- **WORK INSTRUCTIONS**:
Verbatim, and with nothing else, reproduce the data below from its first line through the line containing "Mercedes A Class".

____ DATASET EXCERPTS

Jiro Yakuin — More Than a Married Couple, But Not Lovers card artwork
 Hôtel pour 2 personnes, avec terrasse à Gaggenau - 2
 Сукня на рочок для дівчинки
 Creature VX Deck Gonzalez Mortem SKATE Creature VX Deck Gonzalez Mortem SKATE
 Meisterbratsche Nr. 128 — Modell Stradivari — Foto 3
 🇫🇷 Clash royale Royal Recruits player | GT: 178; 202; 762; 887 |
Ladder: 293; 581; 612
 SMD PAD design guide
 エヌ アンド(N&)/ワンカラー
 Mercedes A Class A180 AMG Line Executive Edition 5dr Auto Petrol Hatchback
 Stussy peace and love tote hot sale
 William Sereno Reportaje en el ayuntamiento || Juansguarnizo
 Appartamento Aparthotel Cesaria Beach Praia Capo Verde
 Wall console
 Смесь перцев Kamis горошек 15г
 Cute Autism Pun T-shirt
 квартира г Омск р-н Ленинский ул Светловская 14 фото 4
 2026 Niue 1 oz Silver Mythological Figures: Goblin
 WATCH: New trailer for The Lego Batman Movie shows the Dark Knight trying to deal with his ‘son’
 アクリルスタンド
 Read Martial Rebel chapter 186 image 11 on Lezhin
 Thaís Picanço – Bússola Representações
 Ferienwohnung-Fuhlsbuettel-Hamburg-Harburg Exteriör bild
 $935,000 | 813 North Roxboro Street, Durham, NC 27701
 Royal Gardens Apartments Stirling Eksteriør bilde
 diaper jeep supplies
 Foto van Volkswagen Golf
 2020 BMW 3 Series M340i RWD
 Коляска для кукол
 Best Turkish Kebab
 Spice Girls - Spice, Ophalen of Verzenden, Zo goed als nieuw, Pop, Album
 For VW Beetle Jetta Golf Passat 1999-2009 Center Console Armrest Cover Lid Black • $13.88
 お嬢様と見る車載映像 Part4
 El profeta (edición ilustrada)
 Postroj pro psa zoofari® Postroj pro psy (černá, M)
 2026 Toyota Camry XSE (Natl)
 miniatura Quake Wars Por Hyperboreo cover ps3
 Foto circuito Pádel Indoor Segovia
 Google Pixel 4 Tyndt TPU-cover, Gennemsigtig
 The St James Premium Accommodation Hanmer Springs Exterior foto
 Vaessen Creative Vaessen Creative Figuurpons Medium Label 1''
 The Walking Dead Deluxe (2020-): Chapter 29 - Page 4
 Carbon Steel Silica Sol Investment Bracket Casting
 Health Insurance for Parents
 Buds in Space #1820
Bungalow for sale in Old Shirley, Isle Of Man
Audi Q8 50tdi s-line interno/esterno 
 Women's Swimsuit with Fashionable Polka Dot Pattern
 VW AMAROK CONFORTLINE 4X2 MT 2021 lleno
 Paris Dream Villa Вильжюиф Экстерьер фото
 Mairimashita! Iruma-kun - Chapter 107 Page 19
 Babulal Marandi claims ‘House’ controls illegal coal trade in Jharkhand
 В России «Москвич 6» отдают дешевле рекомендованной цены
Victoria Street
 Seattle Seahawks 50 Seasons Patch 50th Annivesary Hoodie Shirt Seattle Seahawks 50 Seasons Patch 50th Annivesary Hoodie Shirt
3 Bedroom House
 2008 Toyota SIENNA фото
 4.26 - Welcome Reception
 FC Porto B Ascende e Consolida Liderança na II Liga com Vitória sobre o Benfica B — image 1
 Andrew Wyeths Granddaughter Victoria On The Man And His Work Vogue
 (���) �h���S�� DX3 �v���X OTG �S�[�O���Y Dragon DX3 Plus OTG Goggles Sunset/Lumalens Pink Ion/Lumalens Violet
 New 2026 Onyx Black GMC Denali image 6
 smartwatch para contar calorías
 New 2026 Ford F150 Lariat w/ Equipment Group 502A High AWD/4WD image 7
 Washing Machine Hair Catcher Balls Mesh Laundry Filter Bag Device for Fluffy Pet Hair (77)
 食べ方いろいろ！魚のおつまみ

________

- **YOUR SOLUTION**:
Jiro Yakuin — More Than a Married Couple, But Not Lovers card artwork
 Hôtel pour 2 personnes, avec terrasse à Gaggenau - 2
 Сукня на рочок для дівчинки
 Creature VX Deck Gonzalez Mortem SKATE Creature VX Deck Gonzalez Mortem SKATE
 Meisterbratsche Nr. 128 — Modell Stradivari — Foto 3
 🇫🇷 Clash royale Royal Recruits player | GT: 178; 202; 762; 887 |
Ladder: 293; 581; 612
 SMD PAD design guide
 エヌ アンド(N&)/ワンカラー
 Mercedes A Class A180 AMG Line Executive Edition 5dr Auto Petrol Hatchback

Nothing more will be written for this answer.